The heat shrinkable film is a widely used packaging and labeling material. Among them, the heat-shrinkable polyester film has been used to replace the polyvinyl chloride film which is less environmentally friendly because of its advantages of being odorless, non-toxic, mechanically good, and easy to recycle. Heat-shrinkable polyester film, such as polyethylene terephthalate (PET), can be recycled with the bottle body when used for packaging and labeling PET beverage bottles, which is more in line with market and environmental requirements.
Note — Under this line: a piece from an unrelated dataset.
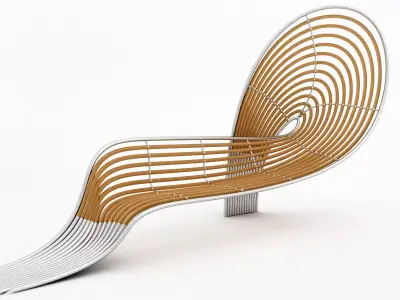bench lounge chair made of wood and metal 3D model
Generally, the shrinkage rate of the unmodified polyester film is not more than 30%. Therefore, when applied to a heat shrinkable film, conventional techniques generally add a modifier such as isophthalic acid (IPA), new to the polyester. Neopentyl glycol (NPG), 1,4-cyclohexanedimethanol (CHDM), and the like. Furthermore, the polyester film must be subjected to a temperature higher than 100 ° C in the subsequent packaging and label heat shrinking process, and in order to achieve energy saving, the industry is now expected to reduce the shrinkage temperature and time of the heat shrinkable polyester film. For example, at 80 ° C and below, the desired heat shrinkage can be achieved. According to the various problems mentioned above, US 7,008,698 B2 proposes a heat shrinkage The polymer film comprises a modified polyester resin obtained by polymerizing a diacid and a diol containing 2-methyl-1,3-propanediol; the polymer film is melted and extruded into a sheet, and then passed through The cooling is carried out by performing multiple extensions at a temperature at which the glass transition temperature of the polymer is lower than the temperature at which the polymer is softened and melted. The process of this patent requires at least two extension steps to achieve a 50% shrinkage of the resulting polymer film at 80 ° C and 10 seconds. For the industry, the process of this patent case is still not economically viable and needs to be improved.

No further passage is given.